A few months after writing Red Phantom, I decided to write a sequel. I thought that the world of these three astronauts, and the discovery, was interesting. I thought I’d be able to continue it. I even ended up writing a sequel. But here’s the thing: I failed, miserably. The sequel was, unlike the original, anticipated. There was no spark that made me want to write it; I was following a path, not forging a new one.
That’s why I haven’t (as yet) published a continuation of that story. I probably will give it another attempt at some later time, but right now it’s difficult to capture the essence of that story for me, personally, like I felt I was able to with Red Phantom.

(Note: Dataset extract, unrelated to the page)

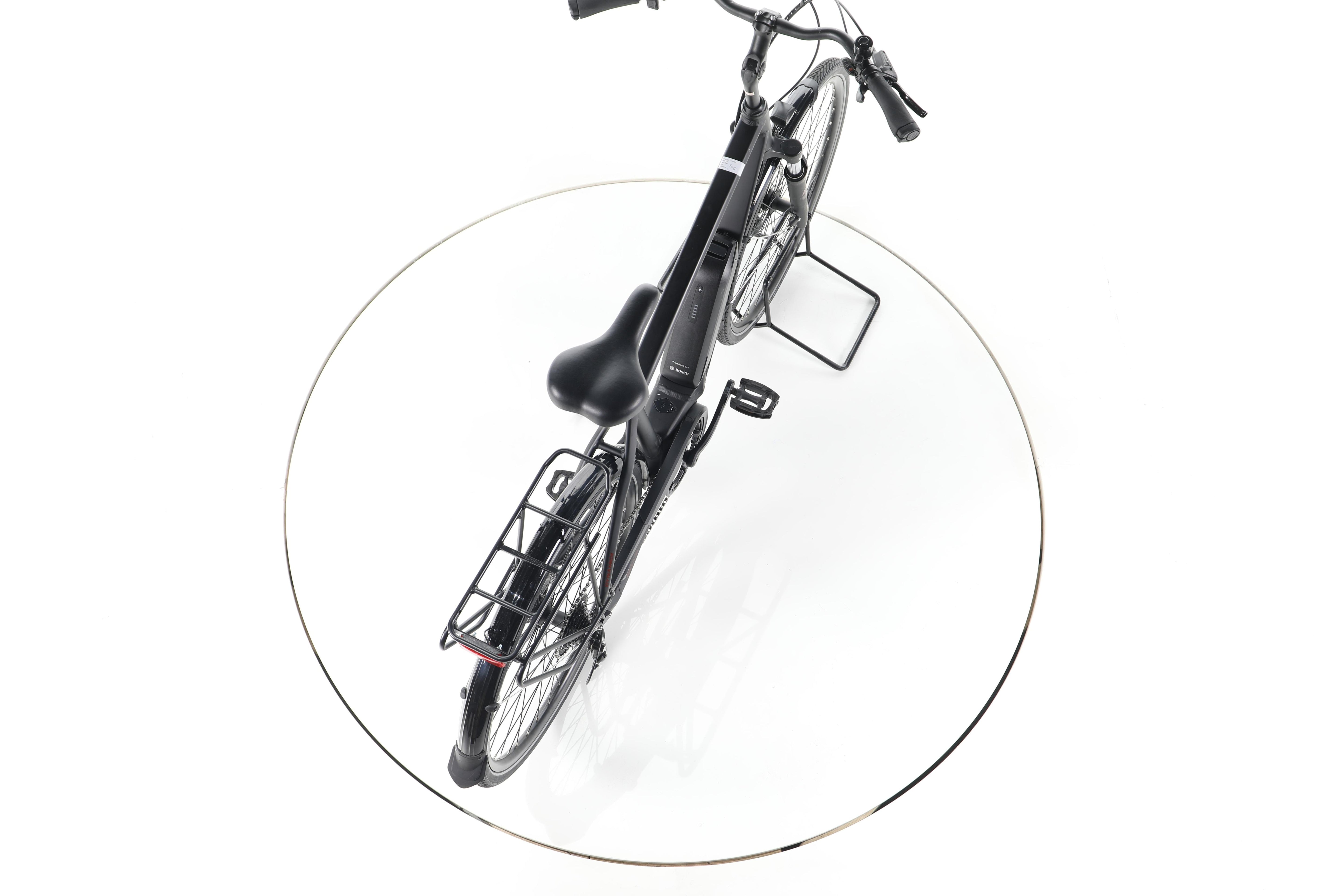 Dynamics Forte Ultra 508 Trekking E-Bike 2024 - Image 23
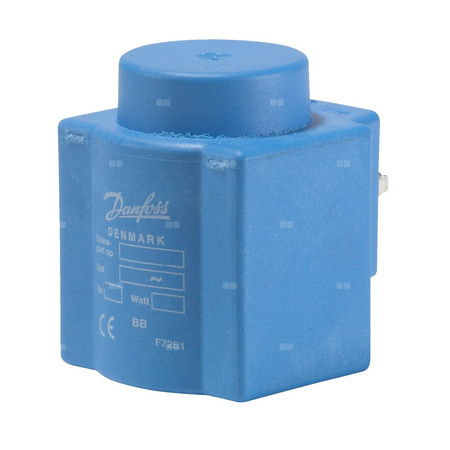 Cewka BB024D 24V DC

Through this experience, I’ve come to the conclusion that sometimes it’s best to leave a piece as-is. Don’t tamper with it if you can’t best the original attempt. Writing sequels has always been a challenge. The “second film” scenario has challenged many a writer. When faced with such a situation, rather focus on creating new things, finding new sparks to ignite.
Incidentally, I haven’t written many more short stories since “The Walker“, which I published here after Red Phantom. Sorry for that; I have been busy with other projects. I hope to write more flash fiction/short stories in 2013 – look out for them!